WHAT YOU NEED TO DO:
Using the data that follows, give again word for word the lines between the one holding "Portret Van Mooie" and the one holding "Volkswagen Touareg 2025", inclusive. Omit the pictures.

INPUT FOR THIS TASK:
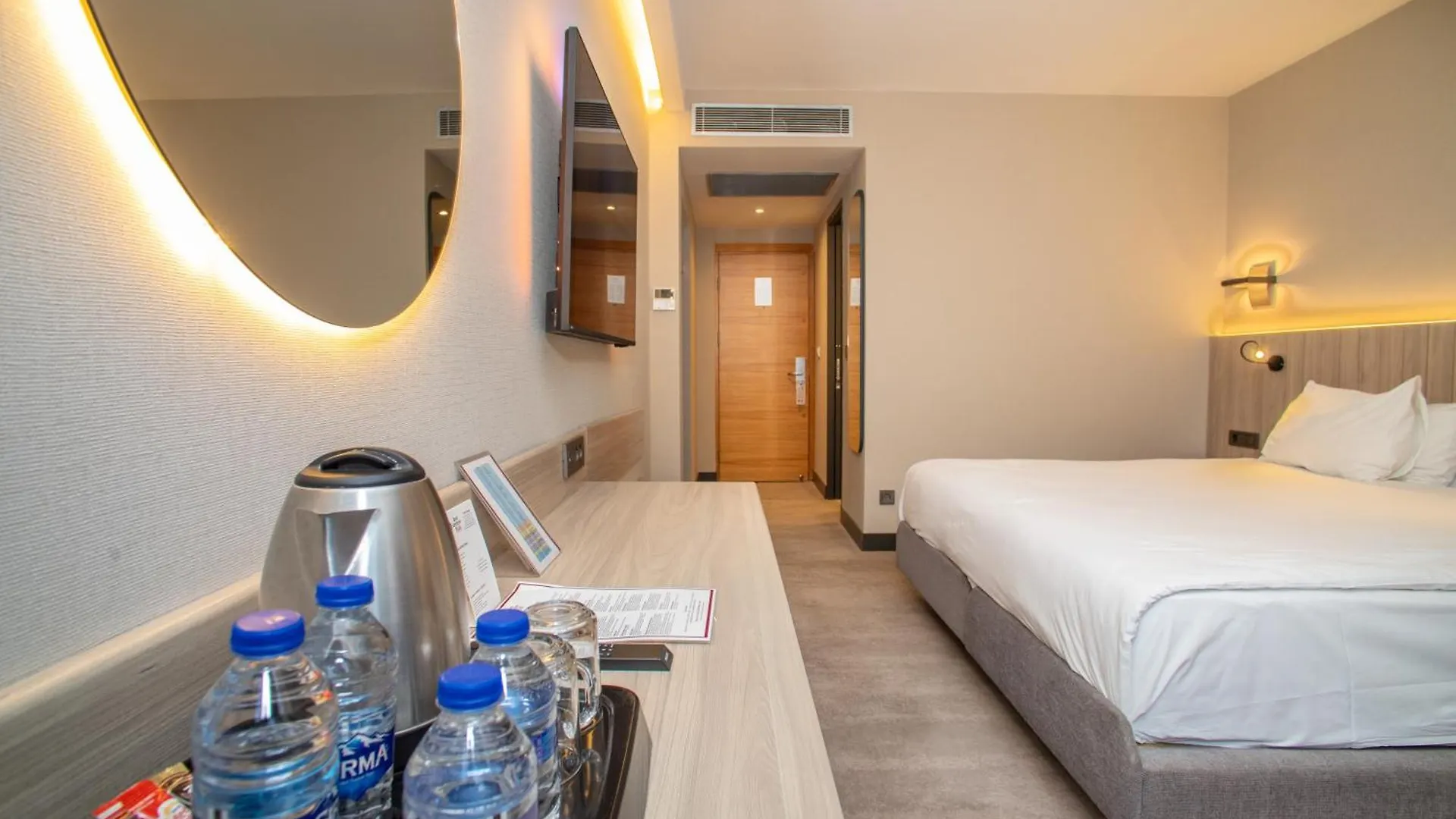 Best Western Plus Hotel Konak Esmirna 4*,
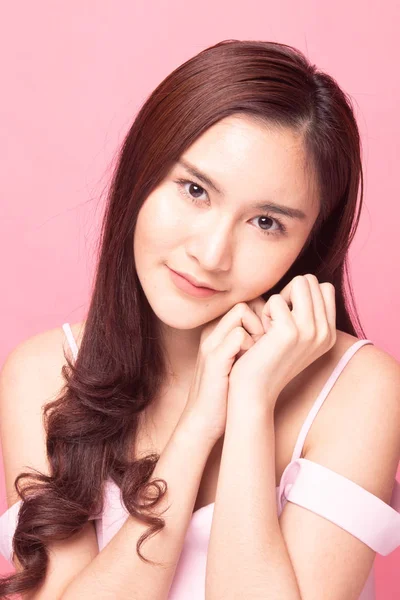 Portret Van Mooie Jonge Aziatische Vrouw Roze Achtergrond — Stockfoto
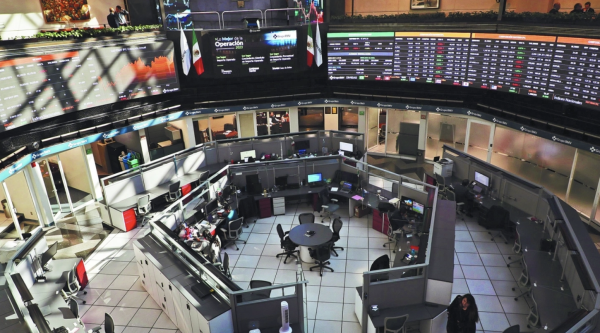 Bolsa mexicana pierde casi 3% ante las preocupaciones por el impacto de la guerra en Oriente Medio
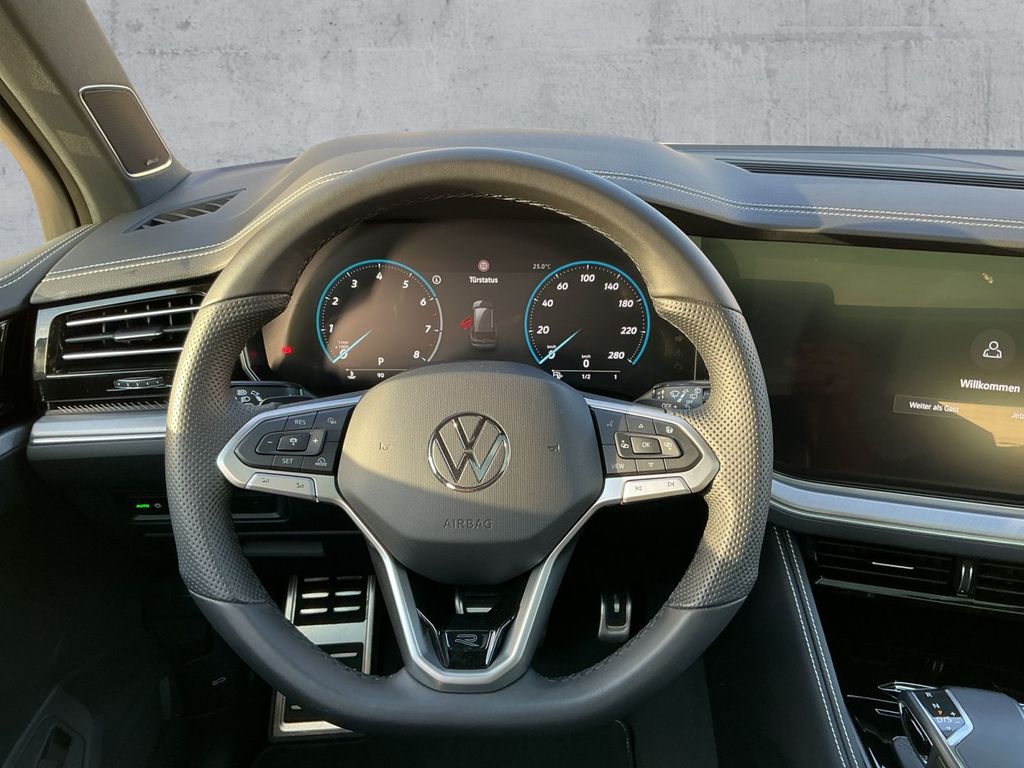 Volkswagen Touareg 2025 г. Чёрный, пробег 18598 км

---

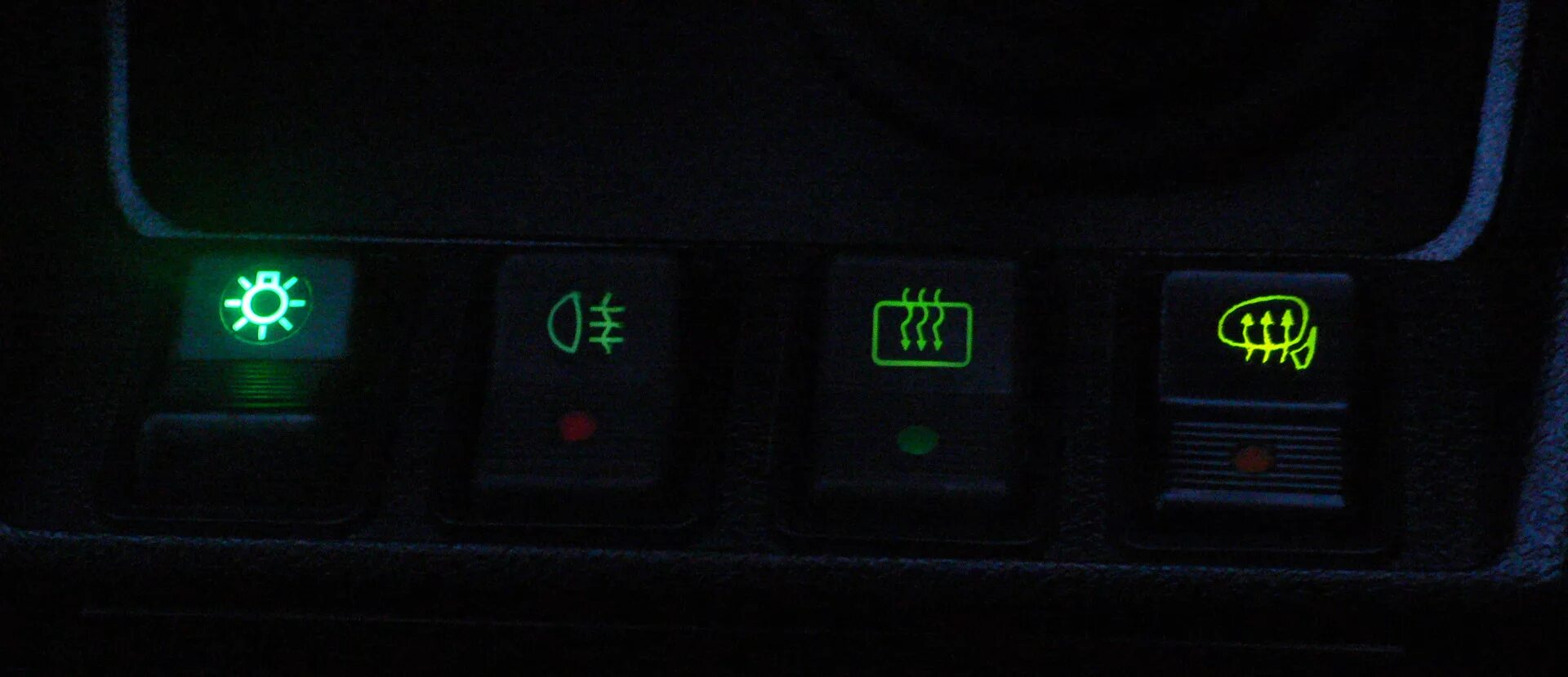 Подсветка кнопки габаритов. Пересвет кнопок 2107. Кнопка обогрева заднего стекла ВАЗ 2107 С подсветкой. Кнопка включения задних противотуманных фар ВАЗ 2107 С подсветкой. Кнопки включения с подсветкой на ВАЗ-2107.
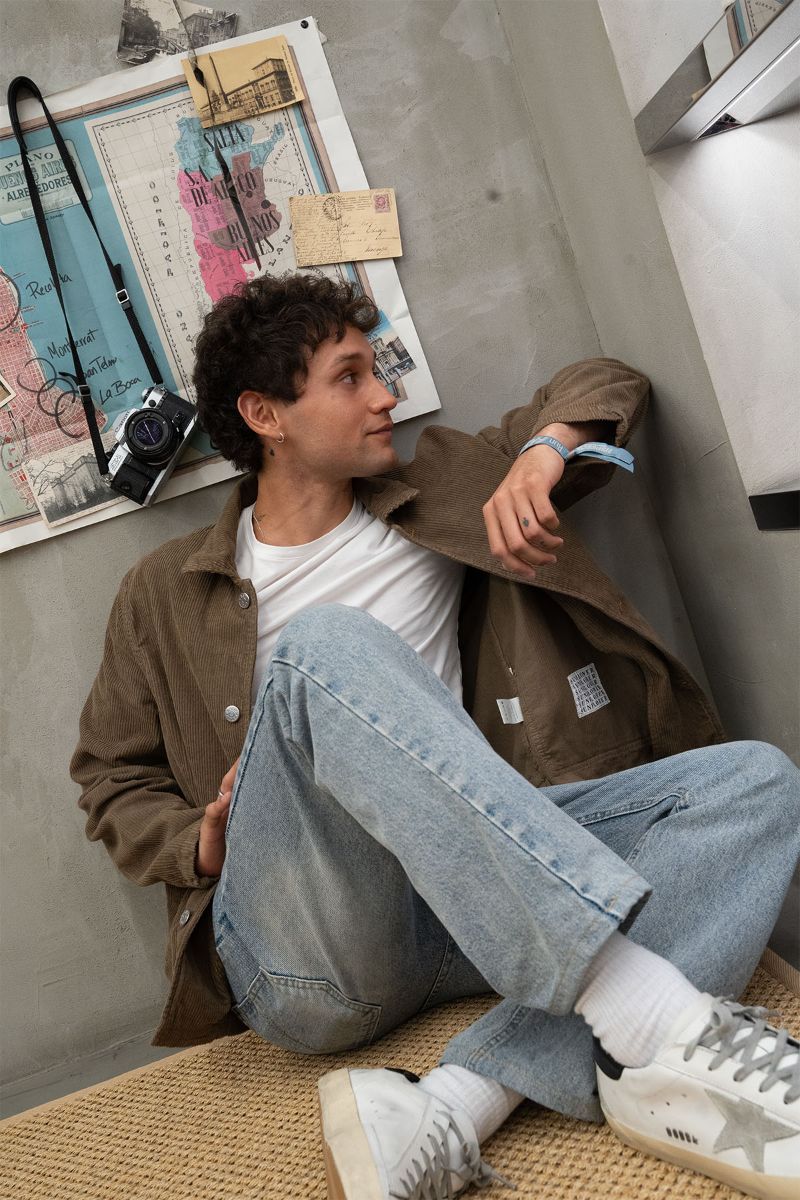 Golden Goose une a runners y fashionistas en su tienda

SOLUTION BELOW:
 Portret Van Mooie Jonge Aziatische Vrouw Roze Achtergrond — Stockfoto
 Bolsa mexicana pierde casi 3% ante las preocupaciones por el impacto de la guerra en Oriente Medio
 Volkswagen Touareg 2025 г. Чёрный, пробег 18598 км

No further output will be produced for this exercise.